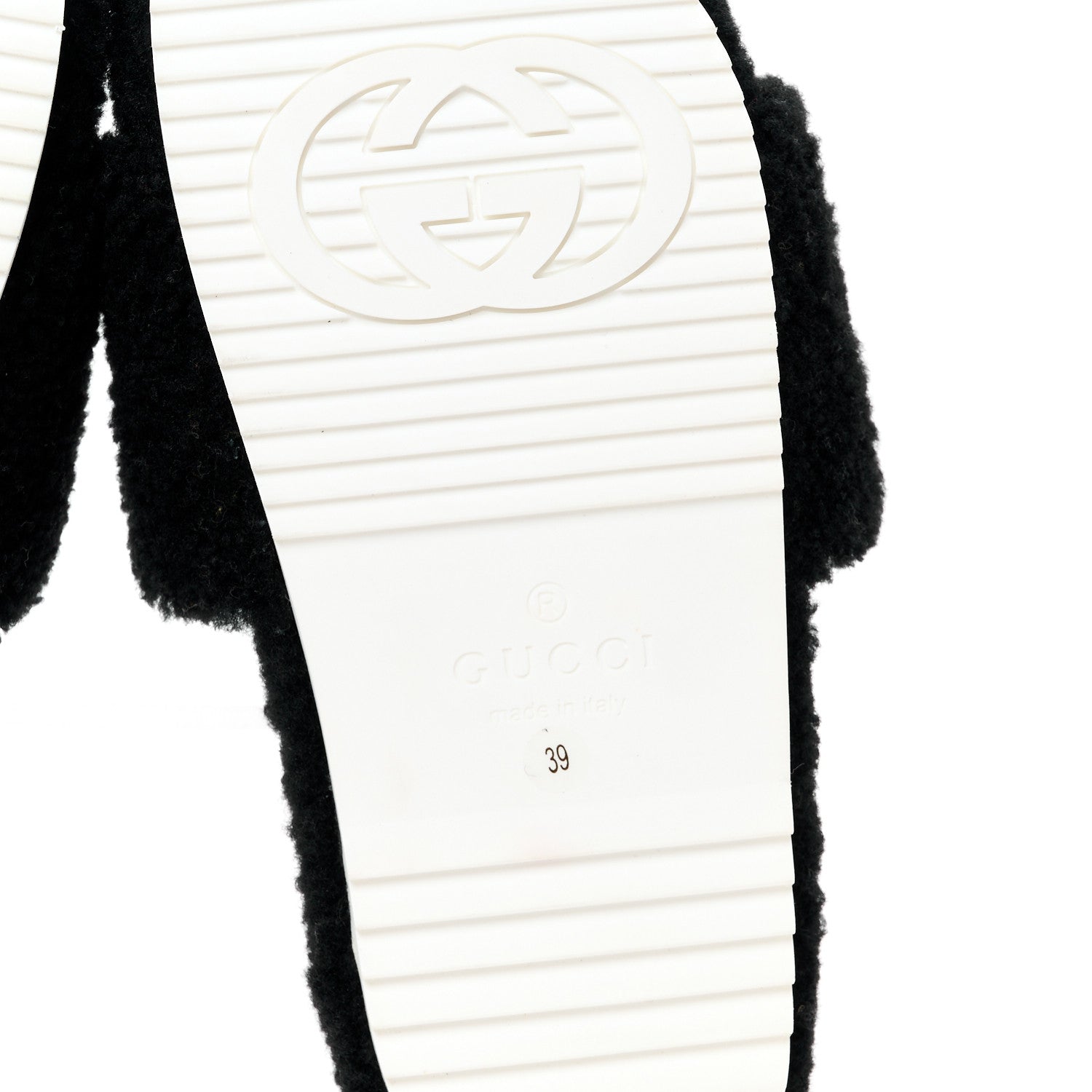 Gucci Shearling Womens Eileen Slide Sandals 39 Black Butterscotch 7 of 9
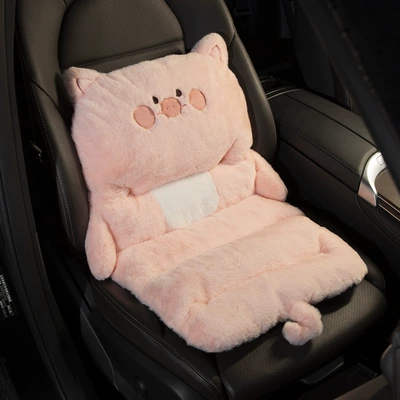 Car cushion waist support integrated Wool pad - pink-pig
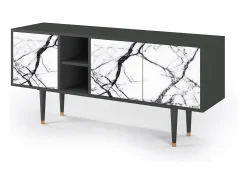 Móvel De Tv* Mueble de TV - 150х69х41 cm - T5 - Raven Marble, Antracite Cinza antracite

* Exercise prompt:
Repeat the listing in full and exactly. Do not include any images.

* Your solution:
 Gucci Shearling Womens Eileen Slide Sandals 39 Black Butterscotch 7 of 9
 Car cushion waist support integrated Wool pad - pink-pig
 Móvel De Tv* Mueble de TV - 150х69х41 cm - T5 - Raven Marble, Antracite Cinza antracite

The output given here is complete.